Problem requirements: Repeat the listing exactly. The images do not belong in the copy.

Information provided:
|---|

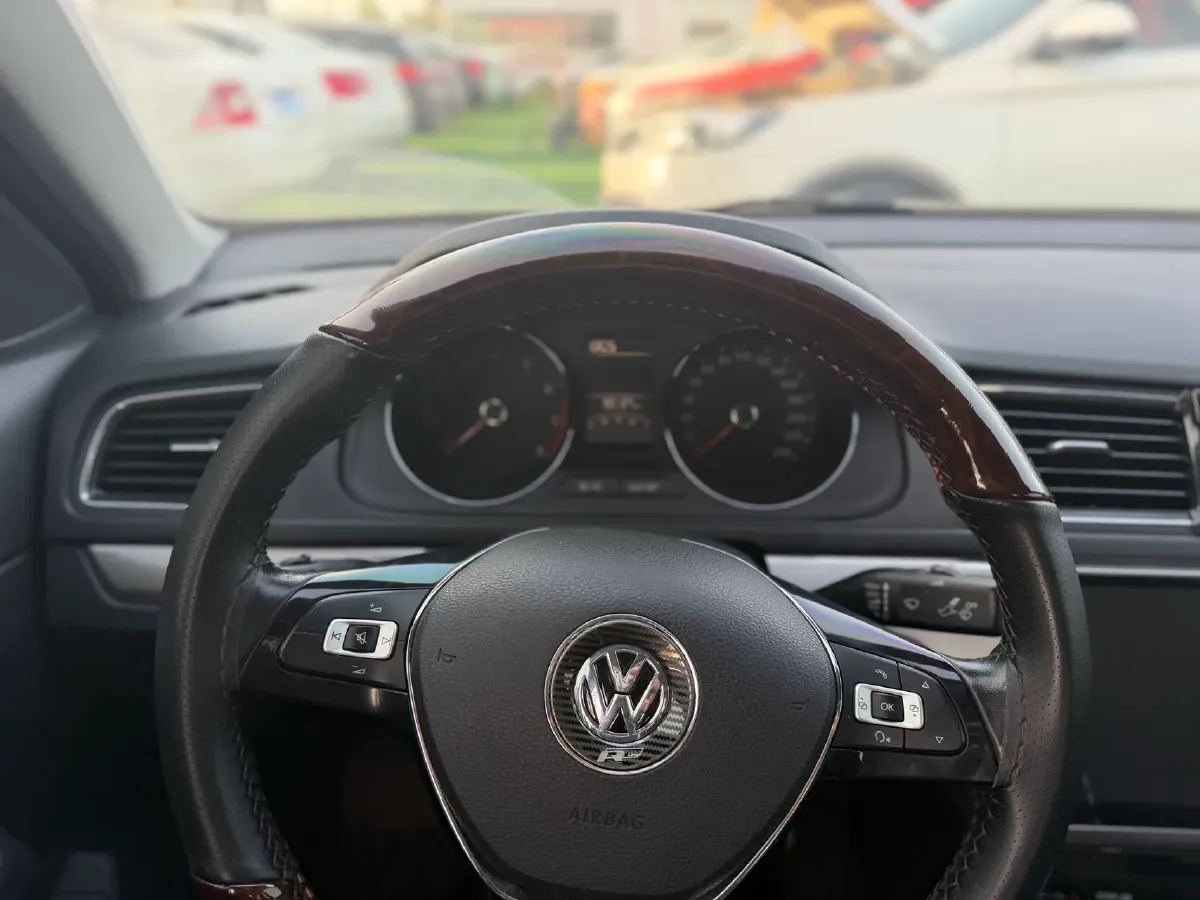 2017 Volkswagen Lavida 1.4T 131HP L4 7DCT,autocango,china used car exporter,china ev exporter,chinese used car exporter,chinese used ev exporter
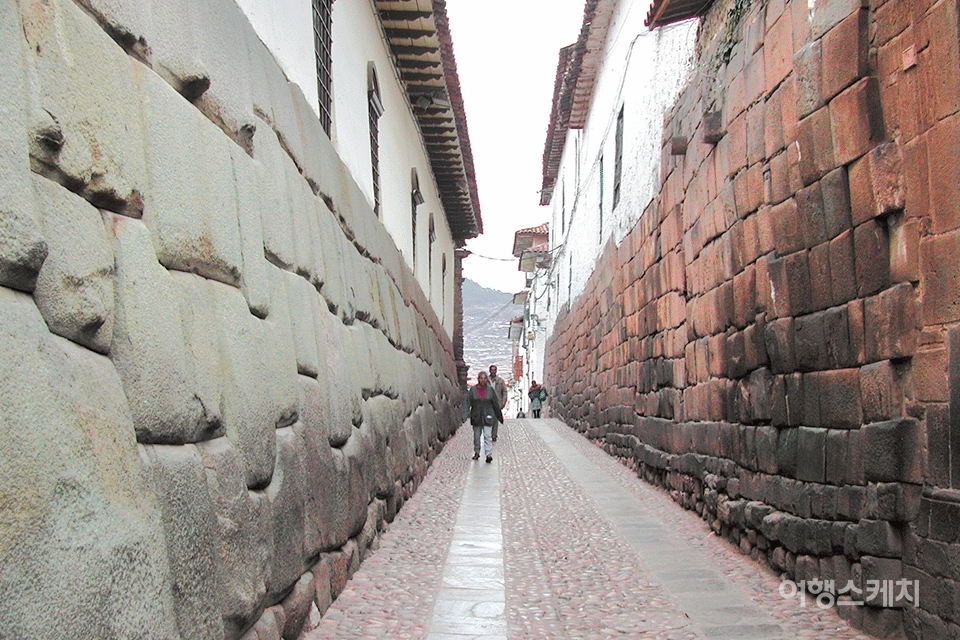 공새미 가족 사물놀이 세계 기행] 잉카 최후의 도시 페루 마추픽추 사라진 제국과 잉카인들의 영혼을 위한 진혼굿 - 여행스케치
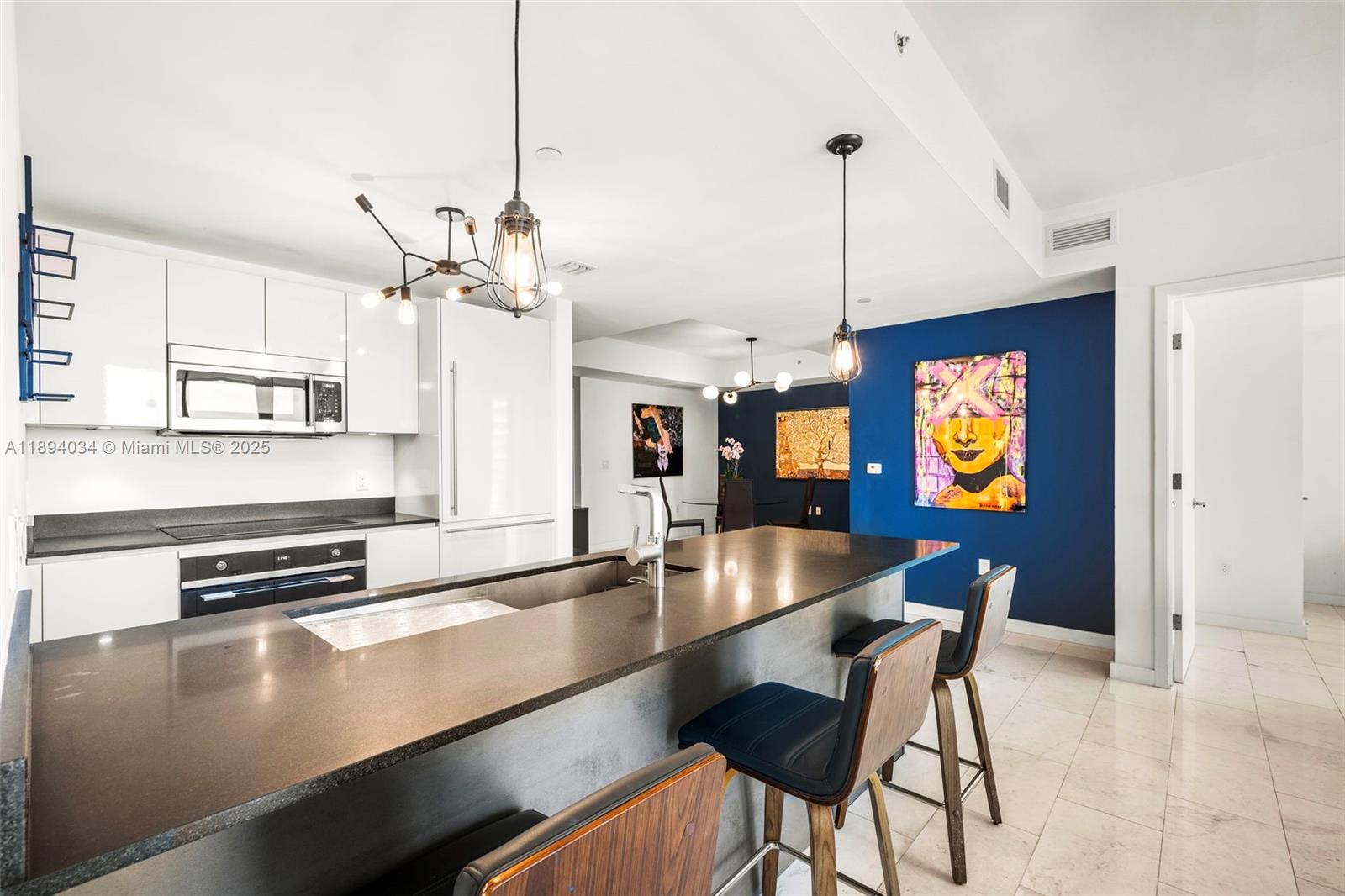 1010 Brickell Ave 3904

|---|

Answer box:
 2017 Volkswagen Lavida 1.4T 131HP L4 7DCT,autocango,china used car exporter,china ev exporter,chinese used car exporter,chinese used ev exporter
 공새미 가족 사물놀이 세계 기행] 잉카 최후의 도시 페루 마추픽추 사라진 제국과 잉카인들의 영혼을 위한 진혼굿 - 여행스케치
 1010 Brickell Ave 3904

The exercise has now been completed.